*SUPPLIED DATA*
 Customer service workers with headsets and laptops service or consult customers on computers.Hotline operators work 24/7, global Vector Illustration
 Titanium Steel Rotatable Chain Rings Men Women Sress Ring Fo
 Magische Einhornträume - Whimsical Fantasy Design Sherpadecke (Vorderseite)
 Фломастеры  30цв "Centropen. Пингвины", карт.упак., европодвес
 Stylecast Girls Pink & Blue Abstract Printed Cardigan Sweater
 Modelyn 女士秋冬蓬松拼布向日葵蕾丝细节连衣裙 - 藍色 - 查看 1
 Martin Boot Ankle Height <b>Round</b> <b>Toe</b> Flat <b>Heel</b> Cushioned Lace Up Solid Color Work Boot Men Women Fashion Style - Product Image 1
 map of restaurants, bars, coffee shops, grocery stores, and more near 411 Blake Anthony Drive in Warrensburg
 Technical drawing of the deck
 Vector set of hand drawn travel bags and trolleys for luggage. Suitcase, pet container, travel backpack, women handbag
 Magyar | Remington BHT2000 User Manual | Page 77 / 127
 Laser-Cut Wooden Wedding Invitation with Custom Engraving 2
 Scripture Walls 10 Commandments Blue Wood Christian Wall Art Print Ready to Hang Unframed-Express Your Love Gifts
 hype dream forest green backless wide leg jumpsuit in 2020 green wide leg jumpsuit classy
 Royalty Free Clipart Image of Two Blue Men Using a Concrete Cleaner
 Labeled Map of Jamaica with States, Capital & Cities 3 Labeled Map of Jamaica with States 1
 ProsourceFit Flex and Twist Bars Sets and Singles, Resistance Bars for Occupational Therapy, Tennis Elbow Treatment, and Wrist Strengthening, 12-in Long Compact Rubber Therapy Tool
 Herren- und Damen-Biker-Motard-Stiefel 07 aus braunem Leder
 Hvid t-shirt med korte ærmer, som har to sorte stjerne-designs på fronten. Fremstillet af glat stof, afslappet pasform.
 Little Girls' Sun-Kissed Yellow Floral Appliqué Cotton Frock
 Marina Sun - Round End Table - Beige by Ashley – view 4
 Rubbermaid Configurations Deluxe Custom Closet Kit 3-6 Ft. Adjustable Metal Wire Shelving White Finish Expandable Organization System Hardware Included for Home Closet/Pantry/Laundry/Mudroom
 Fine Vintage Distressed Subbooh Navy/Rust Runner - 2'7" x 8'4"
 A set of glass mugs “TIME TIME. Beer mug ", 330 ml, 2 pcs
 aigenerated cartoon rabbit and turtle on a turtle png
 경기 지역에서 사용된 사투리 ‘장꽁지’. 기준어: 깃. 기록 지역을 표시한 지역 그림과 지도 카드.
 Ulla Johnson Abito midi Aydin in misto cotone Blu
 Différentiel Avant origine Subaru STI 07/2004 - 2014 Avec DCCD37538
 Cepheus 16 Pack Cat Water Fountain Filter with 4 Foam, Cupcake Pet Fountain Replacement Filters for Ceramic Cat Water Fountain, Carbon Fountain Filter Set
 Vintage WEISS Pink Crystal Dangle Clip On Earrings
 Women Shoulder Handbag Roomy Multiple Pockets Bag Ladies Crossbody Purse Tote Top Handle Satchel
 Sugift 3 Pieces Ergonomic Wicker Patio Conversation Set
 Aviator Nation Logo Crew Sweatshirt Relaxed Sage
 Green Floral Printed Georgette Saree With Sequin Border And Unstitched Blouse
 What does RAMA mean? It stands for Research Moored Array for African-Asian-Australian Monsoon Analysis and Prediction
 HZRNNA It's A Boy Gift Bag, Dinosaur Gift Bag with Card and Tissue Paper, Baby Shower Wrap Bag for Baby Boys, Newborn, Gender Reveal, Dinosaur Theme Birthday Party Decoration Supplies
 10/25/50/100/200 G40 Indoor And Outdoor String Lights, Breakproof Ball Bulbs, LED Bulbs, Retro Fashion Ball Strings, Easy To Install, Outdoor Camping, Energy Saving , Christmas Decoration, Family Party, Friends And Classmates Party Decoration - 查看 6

*EXERCISE*
Reproduce each entry above exactly, keeping every character.

*SOLVED PROBLEM*
 Customer service workers with headsets and laptops service or consult customers on computers.Hotline operators work 24/7, global Vector Illustration
 Titanium Steel Rotatable Chain Rings Men Women Sress Ring Fo
 Magische Einhornträume - Whimsical Fantasy Design Sherpadecke (Vorderseite)
 Фломастеры  30цв "Centropen. Пингвины", карт.упак., европодвес
 Stylecast Girls Pink & Blue Abstract Printed Cardigan Sweater
 Modelyn 女士秋冬蓬松拼布向日葵蕾丝细节连衣裙 - 藍色 - 查看 1
 Martin Boot Ankle Height <b>Round</b> <b>Toe</b> Flat <b>Heel</b> Cushioned Lace Up Solid Color Work Boot Men Women Fashion Style - Product Image 1
 map of restaurants, bars, coffee shops, grocery stores, and more near 411 Blake Anthony Drive in Warrensburg
 Technical drawing of the deck
 Vector set of hand drawn travel bags and trolleys for luggage. Suitcase, pet container, travel backpack, women handbag
 Magyar | Remington BHT2000 User Manual | Page 77 / 127
 Laser-Cut Wooden Wedding Invitation with Custom Engraving 2
 Scripture Walls 10 Commandments Blue Wood Christian Wall Art Print Ready to Hang Unframed-Express Your Love Gifts
 hype dream forest green backless wide leg jumpsuit in 2020 green wide leg jumpsuit classy
 Royalty Free Clipart Image of Two Blue Men Using a Concrete Cleaner
 Labeled Map of Jamaica with States, Capital & Cities 3 Labeled Map of Jamaica with States 1
 ProsourceFit Flex and Twist Bars Sets and Singles, Resistance Bars for Occupational Therapy, Tennis Elbow Treatment, and Wrist Strengthening, 12-in Long Compact Rubber Therapy Tool
 Herren- und Damen-Biker-Motard-Stiefel 07 aus braunem Leder
 Hvid t-shirt med korte ærmer, som har to sorte stjerne-designs på fronten. Fremstillet af glat stof, afslappet pasform.
 Little Girls' Sun-Kissed Yellow Floral Appliqué Cotton Frock
 Marina Sun - Round End Table - Beige by Ashley – view 4
 Rubbermaid Configurations Deluxe Custom Closet Kit 3-6 Ft. Adjustable Metal Wire Shelving White Finish Expandable Organization System Hardware Included for Home Closet/Pantry/Laundry/Mudroom
 Fine Vintage Distressed Subbooh Navy/Rust Runner - 2'7" x 8'4"
 A set of glass mugs “TIME TIME. Beer mug ", 330 ml, 2 pcs
 aigenerated cartoon rabbit and turtle on a turtle png
 경기 지역에서 사용된 사투리 ‘장꽁지’. 기준어: 깃. 기록 지역을 표시한 지역 그림과 지도 카드.
 Ulla Johnson Abito midi Aydin in misto cotone Blu
 Différentiel Avant origine Subaru STI 07/2004 - 2014 Avec DCCD37538
 Cepheus 16 Pack Cat Water Fountain Filter with 4 Foam, Cupcake Pet Fountain Replacement Filters for Ceramic Cat Water Fountain, Carbon Fountain Filter Set
 Vintage WEISS Pink Crystal Dangle Clip On Earrings
 Women Shoulder Handbag Roomy Multiple Pockets Bag Ladies Crossbody Purse Tote Top Handle Satchel
 Sugift 3 Pieces Ergonomic Wicker Patio Conversation Set
 Aviator Nation Logo Crew Sweatshirt Relaxed Sage
 Green Floral Printed Georgette Saree With Sequin Border And Unstitched Blouse
 What does RAMA mean? It stands for Research Moored Array for African-Asian-Australian Monsoon Analysis and Prediction
 HZRNNA It's A Boy Gift Bag, Dinosaur Gift Bag with Card and Tissue Paper, Baby Shower Wrap Bag for Baby Boys, Newborn, Gender Reveal, Dinosaur Theme Birthday Party Decoration Supplies
 10/25/50/100/200 G40 Indoor And Outdoor String Lights, Breakproof Ball Bulbs, LED Bulbs, Retro Fashion Ball Strings, Easy To Install, Outdoor Camping, Energy Saving , Christmas Decoration, Family Party, Friends And Classmates Party Decoration - 查看 6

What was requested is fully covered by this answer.